Trois journalistes de médias indépendants arrêtés au Bélarus

Le Bélarus, dirigé d’une main de fer par le président Alexandre Loukachenko depuis 1994, maintient un contrôle constant sur les médias.
Photo: Viktor Drachev Archives Agence France-Presse Le Bélarus, dirigé d’une main de fer par le président Alexandre Loukachenko depuis 1994, maintient un contrôle constant sur les médias.

Trois journalistes ont été arrêtées mardi au Bélarus après des perquisitions dans les locaux de deux médias indépendants, accusés d’avoir utilisé sans abonnement les informations d’une agence de presse d’État, Reporters sans frontières dénonçant « des mesures d’intimidation ».

Deux journalistes du site d’information Tut.By et une journaliste de l’agence BelaPAN ont été incarcérées, a indiqué le Comité d’enquête bélarusse dans un communiqué.

Selon la même source, les deux médias sont soupçonnés de s’être connectés aux services de l’agence de presse BelTA, contrôlée par l’État bélarusse, sans payer cet accès.

« Nous ne sommes pas abonnés à BelTA, mais avec l’autorisation de cette agence, nous utilisons certaines informations de leur site en les référençant avec un lien hypertexte », a déclaré à l’AFP la rédactrice en chef de l’agence BelaPAN.

« Affirmer que nous en avons tiré profit, c’est tout simplement ridicule », a-t-elle affirmé.

Si BelaPAN et Tut.By sont reconnus coupables, les personnes arrêtées risquent jusqu’à deux ans de prison et une interdiction temporaire d’exercer leur profession, selon la loi bélarusse.

L’ONG Reporters sans frontières (RSF) a dénoncé dans un communiqué les perquisitions comme des actions « totalement disproportionnées au regard des accusations ».

« Difficile d’y voir autre chose que des mesures d’intimidation à l’encontre de médias indépendants de référence, dans un contexte de pressions accrues contre les voix critiques », a déclaré Johann Bihr, responsable de l’Europe de l’Est pour RSF, cité dans le communiqué.

Le Conseil de l’Europe a pour sa part appelé à une « enquête rapide et transparente » et à la libération des journalistes arrêtés.

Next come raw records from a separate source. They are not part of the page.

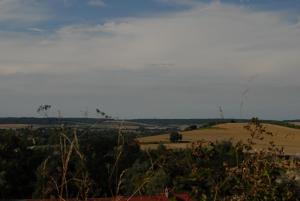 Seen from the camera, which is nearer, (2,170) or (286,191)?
(286,191)

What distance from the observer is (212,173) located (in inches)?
175

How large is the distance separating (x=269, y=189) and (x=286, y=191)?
0.16m

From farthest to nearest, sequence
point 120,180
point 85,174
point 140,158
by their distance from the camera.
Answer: point 140,158, point 85,174, point 120,180

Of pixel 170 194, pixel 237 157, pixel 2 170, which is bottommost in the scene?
pixel 2 170

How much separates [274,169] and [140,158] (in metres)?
48.7

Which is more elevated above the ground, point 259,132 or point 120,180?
point 259,132

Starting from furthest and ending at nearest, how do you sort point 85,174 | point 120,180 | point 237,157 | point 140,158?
point 140,158, point 237,157, point 85,174, point 120,180

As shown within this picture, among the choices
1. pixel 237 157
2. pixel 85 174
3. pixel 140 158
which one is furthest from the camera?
pixel 140 158

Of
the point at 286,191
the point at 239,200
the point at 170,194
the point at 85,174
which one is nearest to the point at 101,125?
the point at 85,174

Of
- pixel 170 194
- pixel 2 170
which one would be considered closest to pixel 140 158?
pixel 2 170

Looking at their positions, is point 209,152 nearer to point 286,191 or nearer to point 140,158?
point 286,191

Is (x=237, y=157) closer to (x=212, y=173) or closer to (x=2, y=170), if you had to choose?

Le porte-parole de la diplomatie bélarusse, Anatoli Glaz, a de son côté assuré que l’affaire n’était « nullement politique et n’a rien à voir avec la liberté de la presse ».

La maison d’édition Belorousskaïa Naouka est également visée dans la même affaire, ont précisé les enquêteurs, qui disent avoir enregistré en 2017 et 2018 au total plus de 15 000 connexions non autorisées aux services de l’agence BelTA, avec pour résultat « un préjudice important ».

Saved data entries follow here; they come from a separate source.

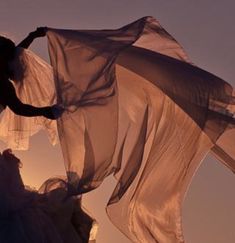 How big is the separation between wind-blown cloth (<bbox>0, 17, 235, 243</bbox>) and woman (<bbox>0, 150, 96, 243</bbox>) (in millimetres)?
462

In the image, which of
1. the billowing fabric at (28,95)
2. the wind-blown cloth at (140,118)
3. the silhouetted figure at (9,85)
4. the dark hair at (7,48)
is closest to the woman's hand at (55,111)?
the wind-blown cloth at (140,118)

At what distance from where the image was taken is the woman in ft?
28.2

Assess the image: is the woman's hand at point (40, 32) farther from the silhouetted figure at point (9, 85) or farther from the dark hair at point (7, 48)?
the dark hair at point (7, 48)

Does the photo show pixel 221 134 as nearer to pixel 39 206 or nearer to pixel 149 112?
pixel 149 112

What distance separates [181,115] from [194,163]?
1.63 feet

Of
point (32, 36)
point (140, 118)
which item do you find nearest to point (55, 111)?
point (140, 118)

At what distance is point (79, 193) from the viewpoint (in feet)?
27.4

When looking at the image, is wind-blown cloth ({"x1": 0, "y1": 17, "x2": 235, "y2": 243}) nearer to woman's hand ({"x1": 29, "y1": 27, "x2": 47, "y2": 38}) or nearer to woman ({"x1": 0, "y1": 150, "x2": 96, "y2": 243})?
woman's hand ({"x1": 29, "y1": 27, "x2": 47, "y2": 38})

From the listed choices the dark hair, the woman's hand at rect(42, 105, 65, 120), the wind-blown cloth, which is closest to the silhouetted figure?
the dark hair

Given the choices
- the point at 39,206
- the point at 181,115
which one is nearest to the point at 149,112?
the point at 181,115

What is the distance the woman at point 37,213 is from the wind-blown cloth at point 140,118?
1.52 feet

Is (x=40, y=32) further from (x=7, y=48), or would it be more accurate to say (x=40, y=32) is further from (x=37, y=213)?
(x=37, y=213)

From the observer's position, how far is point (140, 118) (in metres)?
9.04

Les responsables de Belorusskaïa Naouka, BelaPan et Tut.by « sont impliqués dans cette activité illégale », a affirmé le comité d’enquête.

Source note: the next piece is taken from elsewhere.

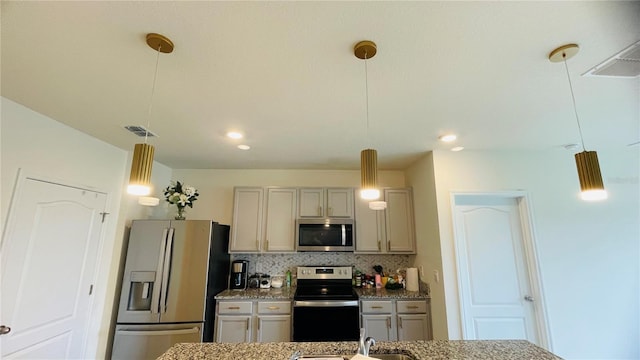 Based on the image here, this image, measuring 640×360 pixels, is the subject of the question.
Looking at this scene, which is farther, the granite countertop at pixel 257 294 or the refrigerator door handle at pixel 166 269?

Le Bélarus, dirigé d’une main de fer par le président Alexandre Loukachenko depuis 1994, maintient un contrôle constant sur les médias, durci notamment après des manifestations en mars 2017 qui ont mené à des centaines d’arrestations.

Le Bélarus figure à la 155e place au classement mondial de la liberté de la presse 2018 établi par RSF, qui y dénonce une « escalade de la répression » depuis 2017.